3.1.1 Test 1: Computation Work Results

Table 1: Test 1:1


Threads Units Work Done Avg. Time Scalability
1 59982202100 300 1
2 119963907231 300 2
4 239884329382 300 4
8 478137581539 300 7.97
16 478310064785 300 7.97

Note: Tests were run to get the best numbers.

Table 2: Test 1:2


Threads MIPS CPI Efficiency
1 1597.5 2.78 4.16
2 3183.5 1.53 8.29
4 4180.11 1.23 10.89
8 12761.94 0.8 33.23

 Figure 8: Graph Test 1:1
Figure 8: Graph Test 1:1

The system scales almost linearly and flattens out at eight threads as the system has only eight cores. Increasing the number of threads beyond eight does not increase the work done. The maximum efficiency achieved was 33% at 8 threads. The efficiency was calculated using the maximum MIPS 7 possible. At 100% efficiency, the system with eight cores can execute 38400 MIPS @ 0.25 CPI. The formula used is (processor speed * cores * number of instructions possible per cycle)/1000000. So for a US-IV processor at 1.2 GHz the maximum MIPS would be (1200000000 * 8 * 4)/1000000 = 38400 MIPS. With eight threads the MIPS achieved was 12761 which is 33% of the maximum MIPS.

3.1.2 Test 2: Working Set Results

Table 3: Test 2:1


Threads Units Work Done Avg. Time Scalability
1 8 331 1
2 20 306 2.5
4 64 312.75 8
8 89 321 11.13
16 83 332.81 10.38

Table 4: Test 2:2


Threads MIPS CPI Efficiency
1 69.05 11.02 0.18
2 210.05 10.93 0.55
4 888.21 8.89 2.31
8 696.22 15.94 1.81

 Figure 9: Graph Test 2:1
Figure 9: Graph Test 2:1

The second test was to show a working set access. The tests were run sequentially to use a warm cache. The scalability seen is due to the caching. This again peaks at 8 threads. The efficiency is poor due to the high cache miss and memory stalls.

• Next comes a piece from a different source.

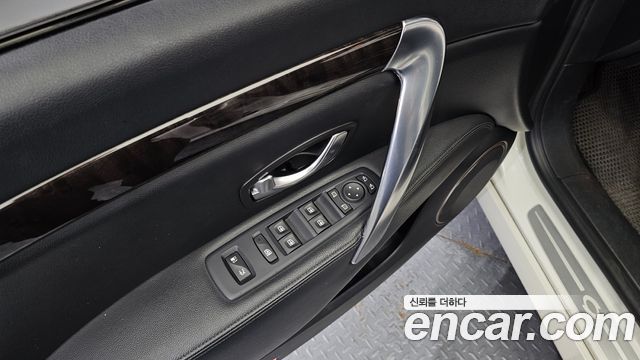 Renault Korea SM7 LE Standard 2012 — фото 13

3.1.3 Test 3: IO Work Results

Table 5: Test 3:1


Threads MIPS CPI Efficiency
1 370.33 2.96 0.96
2 611.89 3.31 1.59
4 553.06 2.81 1.44
8 511.29 2.87 1.33

The IO test was to check the scalability with disk access. The biggest bottleneck turned out to be file open. If this is changed by opening the file once, then disk performance becomes the bottleneck. The domain had only 1 root disk and at 8 threads, iostat writes/sec were up to 400, and the actv length up to 250, with w% and b% at 100%. A faster disk (hardware RAID) should show good scalability.

Table 6: Test 3:2


Threads Units Work Done Avg. Time Scalability
1 3943 300 1
2 5886 300 1.49
4 5636 300 1.43
8 5178 300 1.31
16 5269 301 1.34

 Figure 10: Graph Test 3:3
Figure 10: Graph Test 3:3

4 Conclusion

CMT offers a very easy way to improve application efficiency without changes to the application code. The throughput improves by the number of cores/logical processors. The power of CMT is in scheduling. The OS needs to be CMT aware, and it should also be able to schedule threads, aware of resource sharing to maximize performance.

Applications using non-locking structures, atomic operations, mt-malloc and thread local storage for data should see good improvement in performance and scalability. Processor sets can also be used to improve scheduling efficiency. Using the latest compilers like Sun Studio with CMT optimizations can further improve application performance.

5 Acknowledgments

I would like to thank my colleagues for some very good feedback which has provided structure to this paper. Morgan Herrington did a great review and suggested the current structure. His experience on memory management is reflected in the MPO and MPSS sections, including the first touch degradation example. His review was a valuable input that increased the readability of the paper. Teresa Majer provided some very good feedback, including pointing me to CMT material, and feedback on CMP and CMT when I first started the paper. Nils Gura gave great feedback, including suggesting a glossary to manage the new terminology in the paper. Denis Sheahan provided valuable feedback on Niagara based systems. Hugo Rivero provided access to a Sun Fire E6900 server, and his feedback increased the readability of the figures and charts in the paper, including the scalability results. Bruce Chapman and S.R. Venkatramanan offered some excellent review and feedback, including the start of the huge reference section. I would especially like to thank a lot of folks on the Sun internal aliases who again provided valuable feedback. Don Kretsch's suggestion of including single-threaded applications opened up the sections on compiler options and automatic parallelization. Patrick McGehearty and Paul Ryan's suggestions increased the readability of the paper, while Chien-Hua Yen's suggestions increased the accuracy of the sections on the Solaris 10 OS.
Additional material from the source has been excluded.